Classifier: Bernoulli Naive Bayes
Accuracy: 0.8839
Precision: 0.8870
Recall: 0.8152
F1 Score: 0.8481

Classifier: Multinomial Naive Bayes
Accuracy: 0.7863
Precision: 0.7393
Recall: 0.7215
F1 Score: 0.7283

Classifier: Gaussian Naive Bayes
Accuracy: 0.8218
Precision: 0.7104
Recall: 0.9570
F1 Score: 0.8131



### Discussion

After running the above code, you will get the performance metrics (accuracy, precision, recall, F1 score) for each variant of Naive Bayes.
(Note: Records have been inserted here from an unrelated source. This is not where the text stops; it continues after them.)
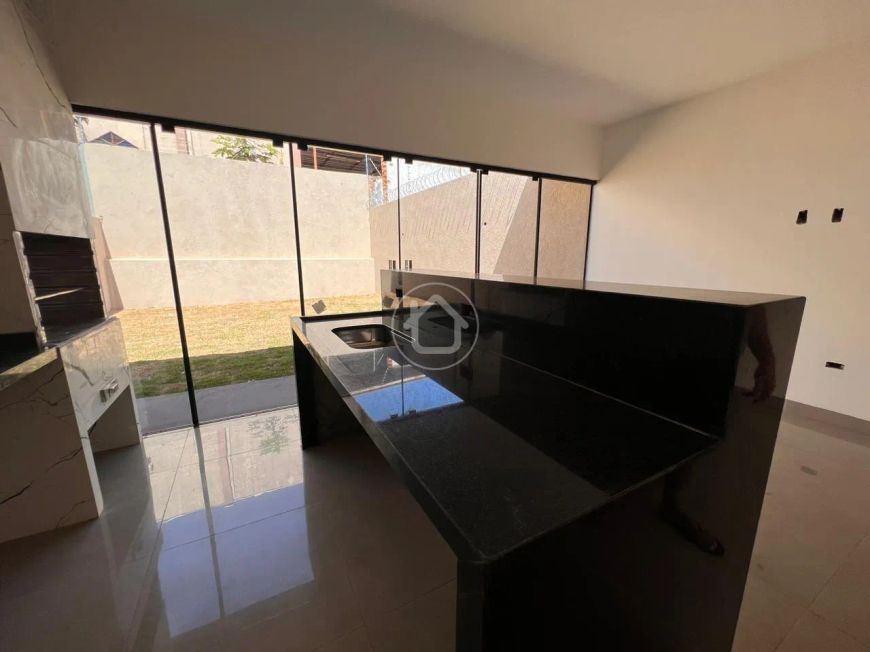 CASA COM 3 DORMITÓRIOS
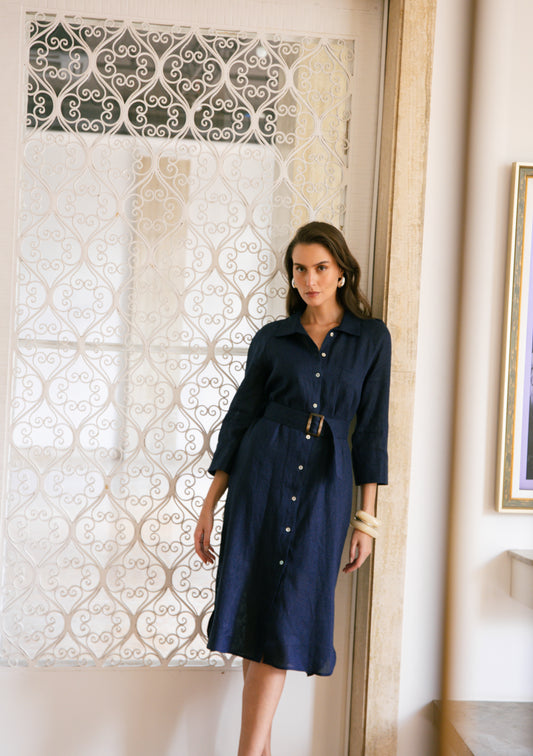 Vestido chemise midi em linho com faixa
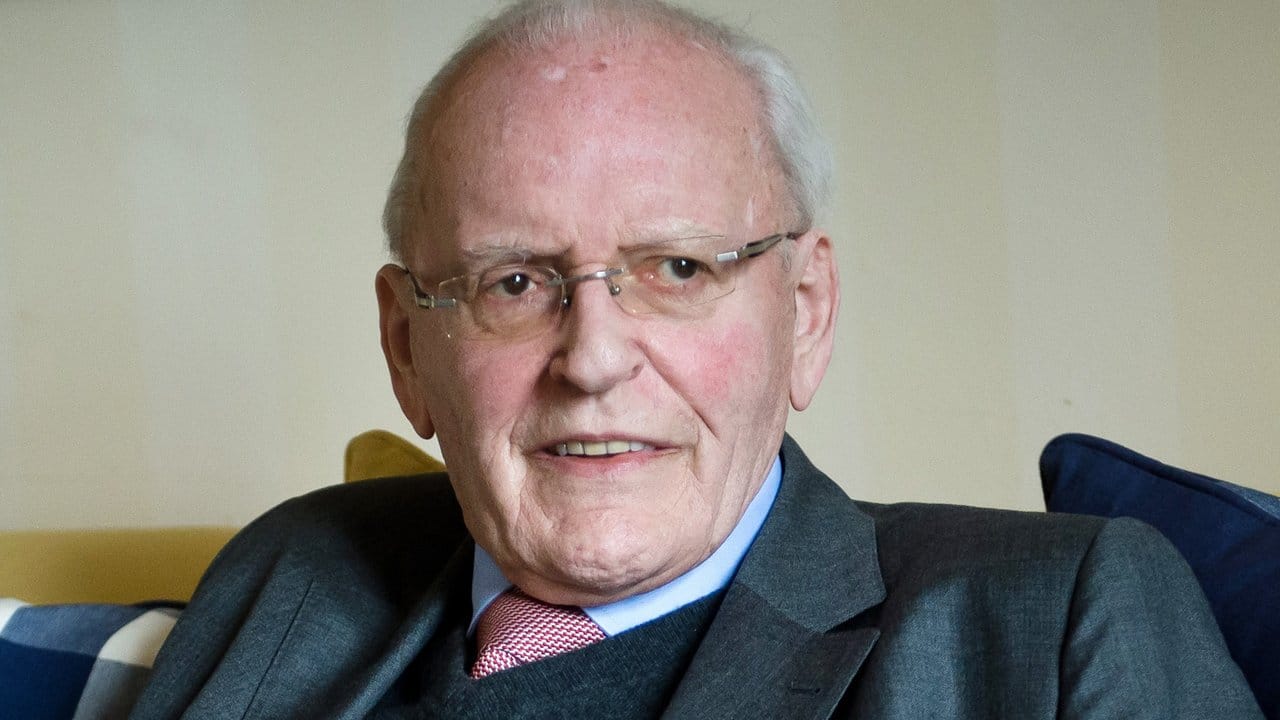 Altbundespräsident Roman Herzog ist im Alter von 82 Jahren gestorben. Altbundespräsident Roman Herzog ist im Alter von 82 Jahren gestorben.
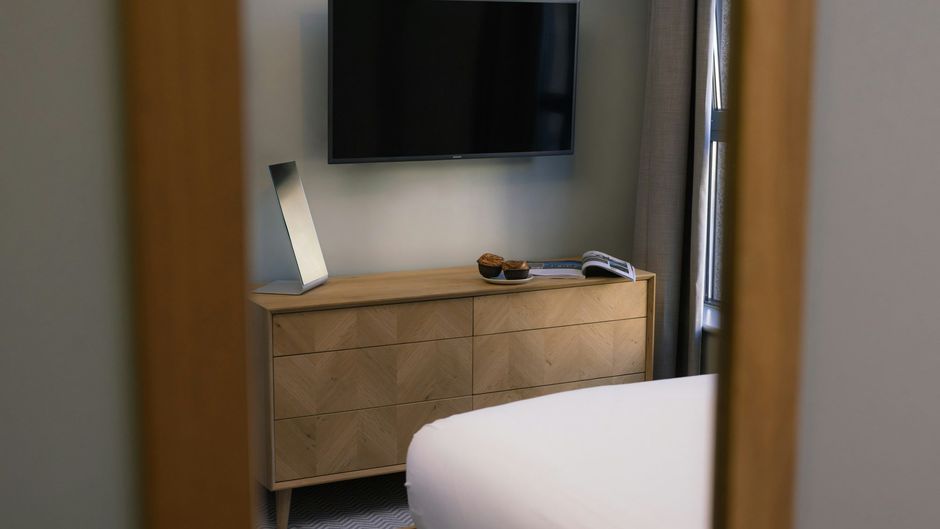 KM Hotel Room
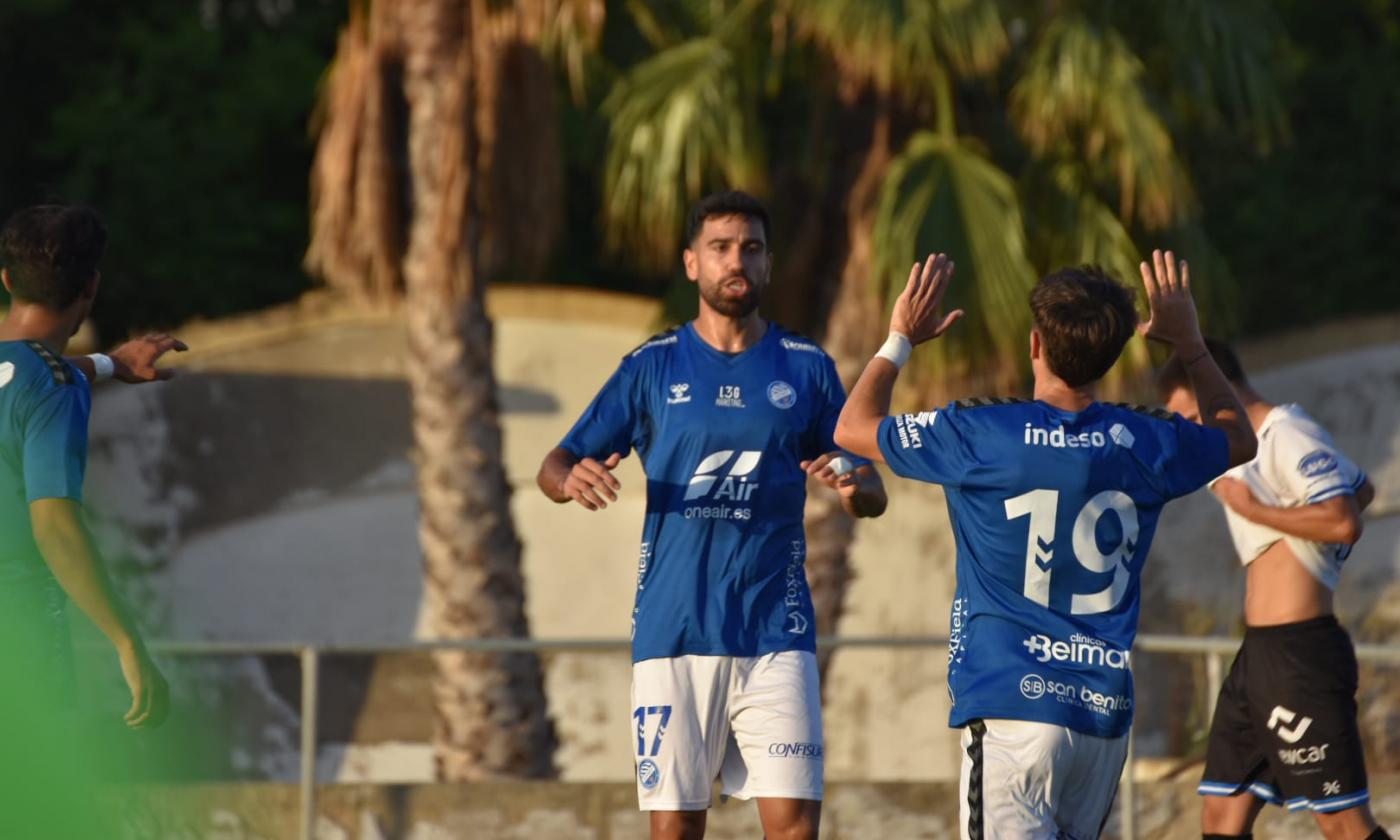Dieste celebra su gol en el Pedro S. Garrido. - xerezdfc.com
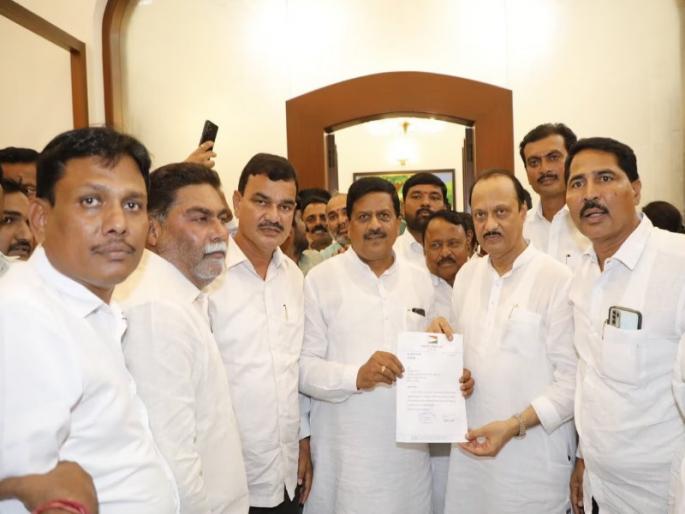 Dismissal from Sharad Pawar's faction; Ajit Pawar's group retained Gartkar as District President | शरद पवारांच्या गटाकडून बडतर्फ; अजित पवारांच्या गटाकडून जिल्हाध्यक्षपदी गारटकर कायम Dismissal from Sharad Pawar's faction; Ajit Pawar's group retained Gartkar as District President | शरद पवारांच्या गटाकडून बडतर्फ; अजित पवारांच्या गटाकडून जिल्हाध्यक्षपदी गारटकर कायम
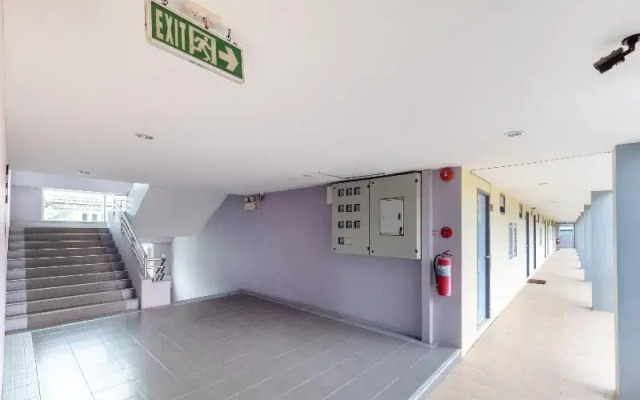 V Place Apartment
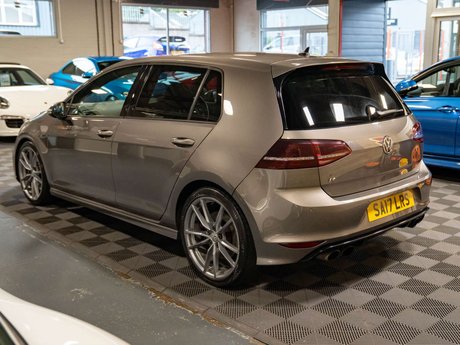 Volkswagen Golf 2.0 TSI BlueMotion Tech R Hatchback 5dr Petrol DSG 4Motion Euro 6 (s/s) (30 4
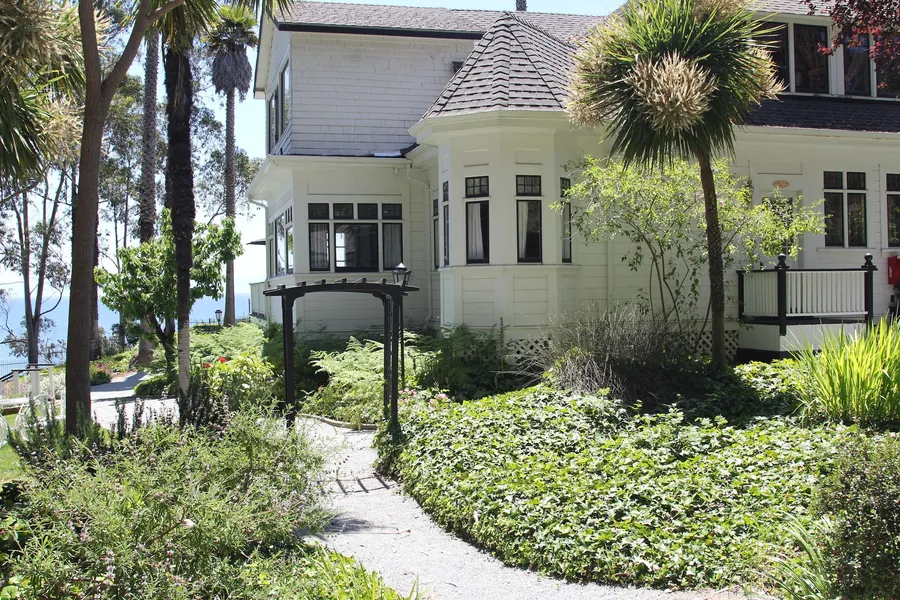 Monarch Cove Inn hotel detail image 2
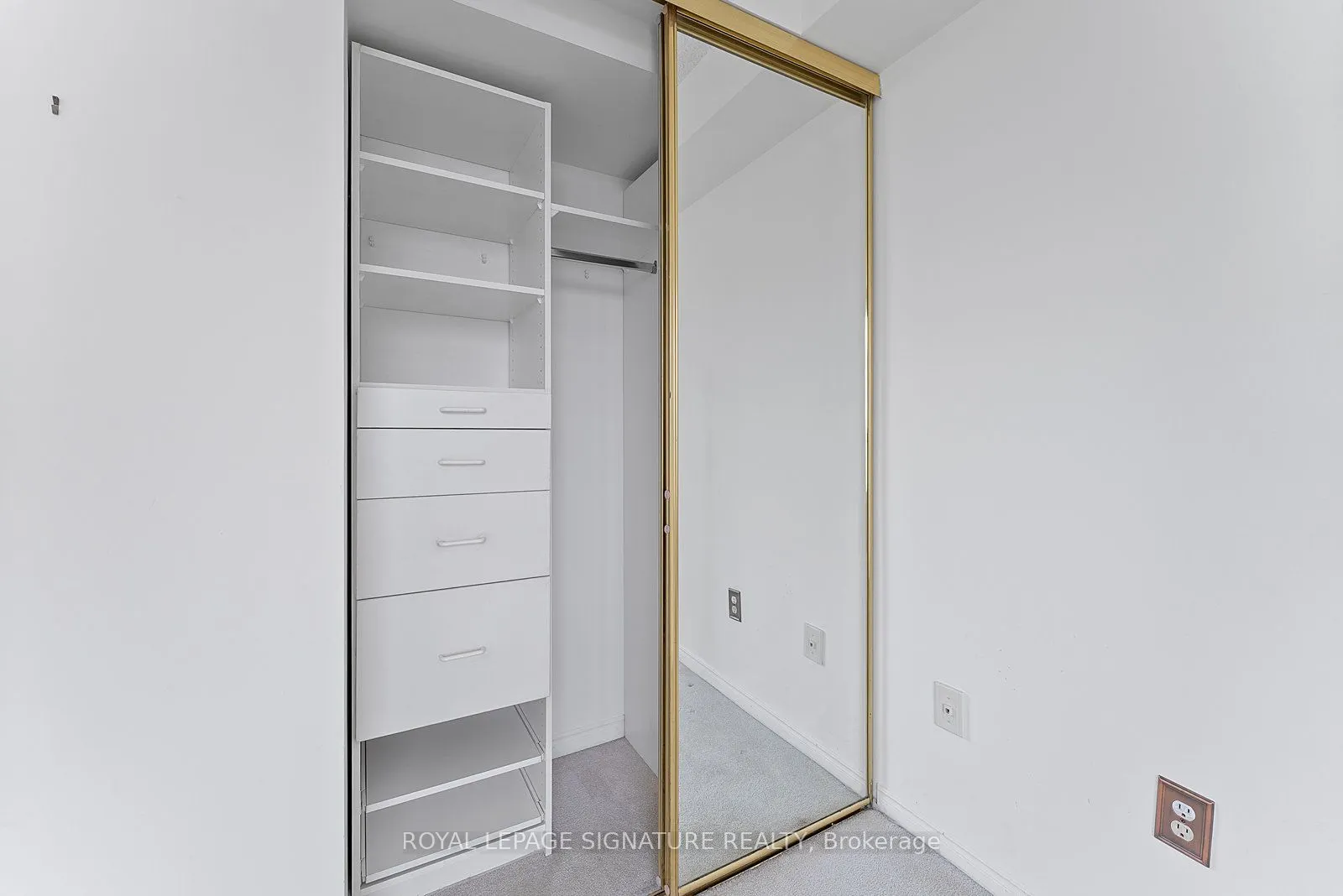 7 Concorde Place, #2509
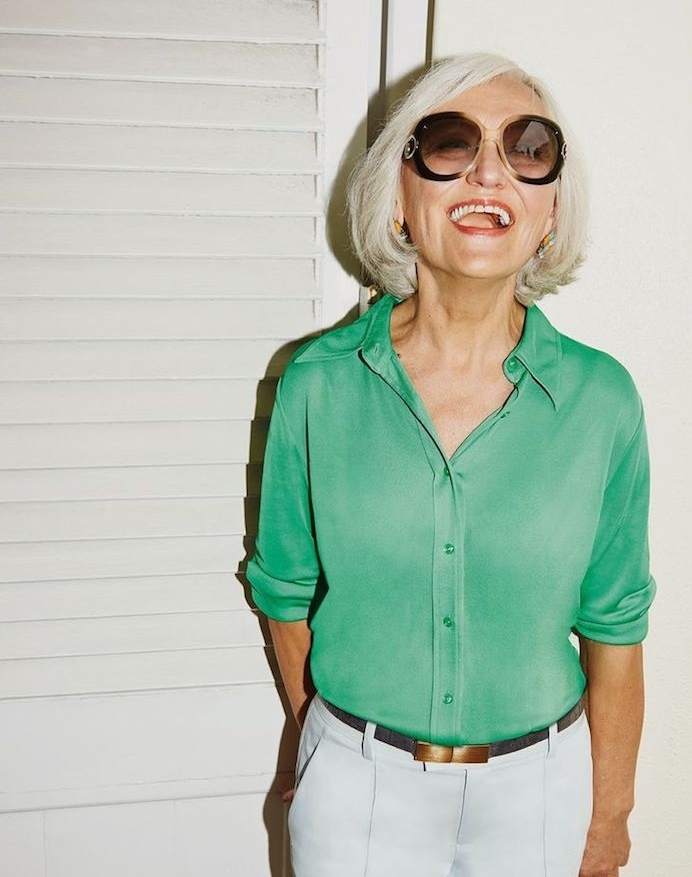 coupe de cheveux femme 60 ans carré blanc chemise femme verte et pantalon blanc lunettes de soleil tendance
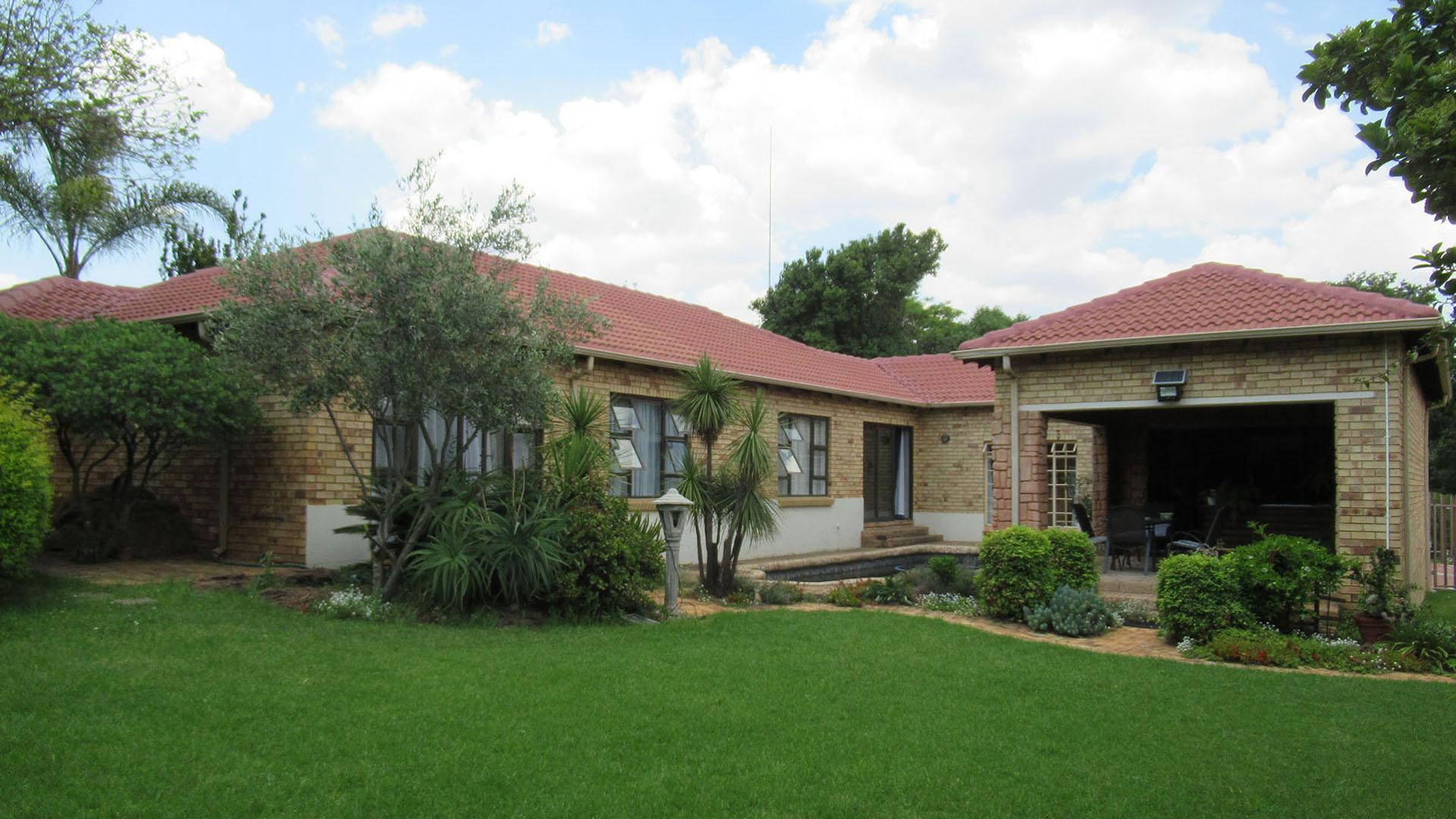 Backyard of property in Honeydew Ridge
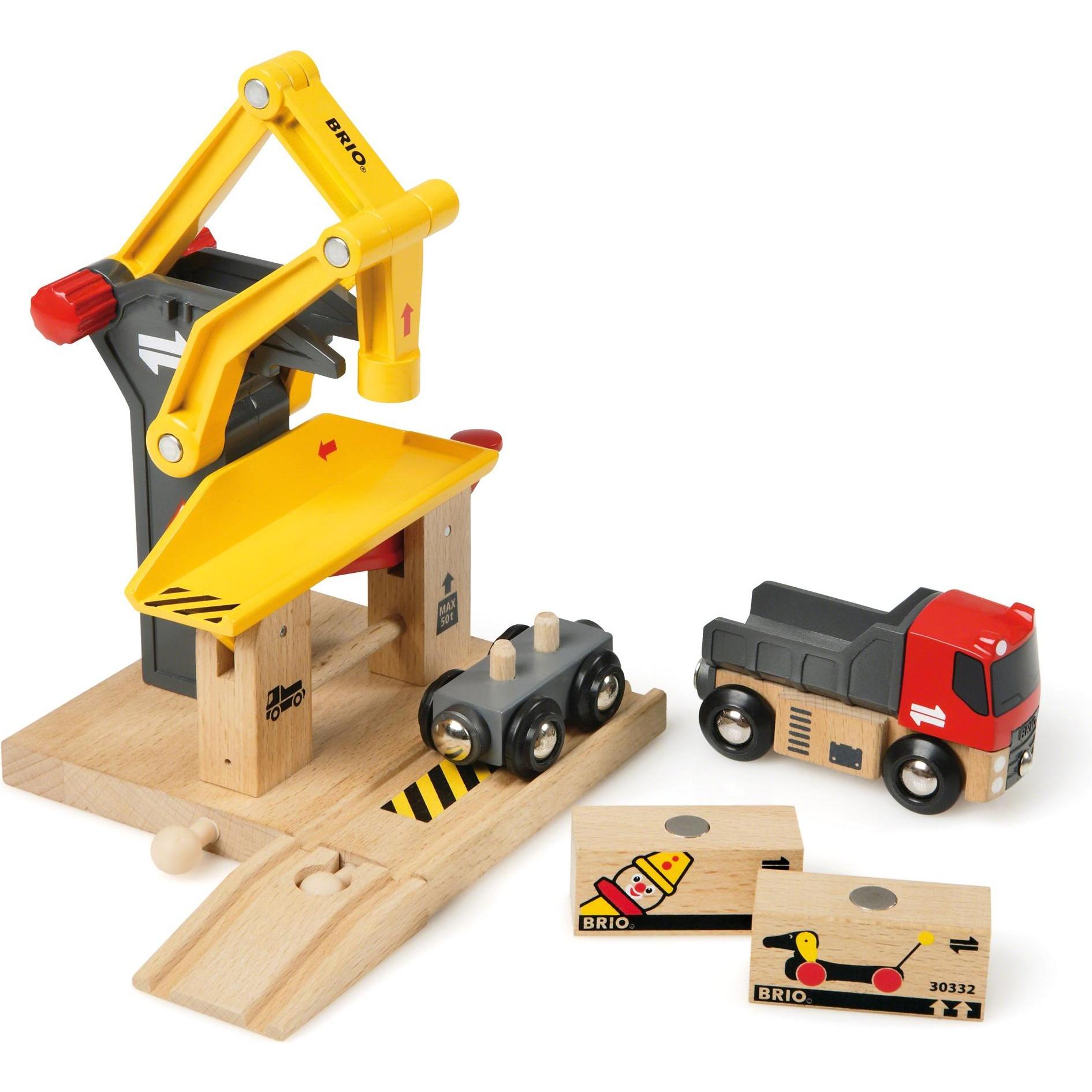 Brio Stazione di Carico Merci: L'Avventura del Trasporto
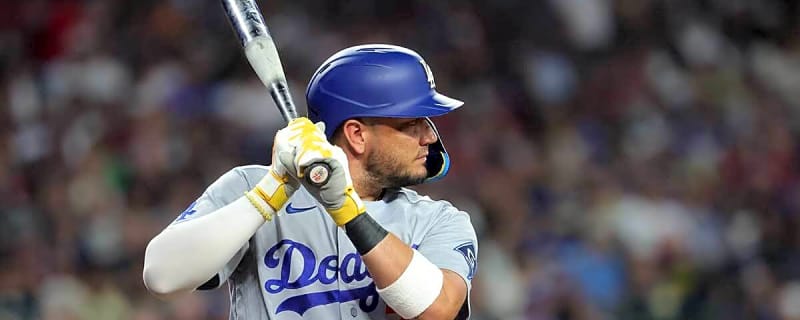 Dodgers’ Dave Roberts shares Miguel Rojas injury update for NLCS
Analyze the results to compare which classifier performed the best and discuss the reasons behind their performance.

### Conclusion

Summarize your findings based on the results obtained. Discuss any limitations observed with Naive Bayes classifiers and suggest potential future work or improvements.

This approach will provide you with a comprehensive evaluation of Naive Bayes classifiers on the Spambase dataset, demonstrating their performance on a real-world binary classification problem.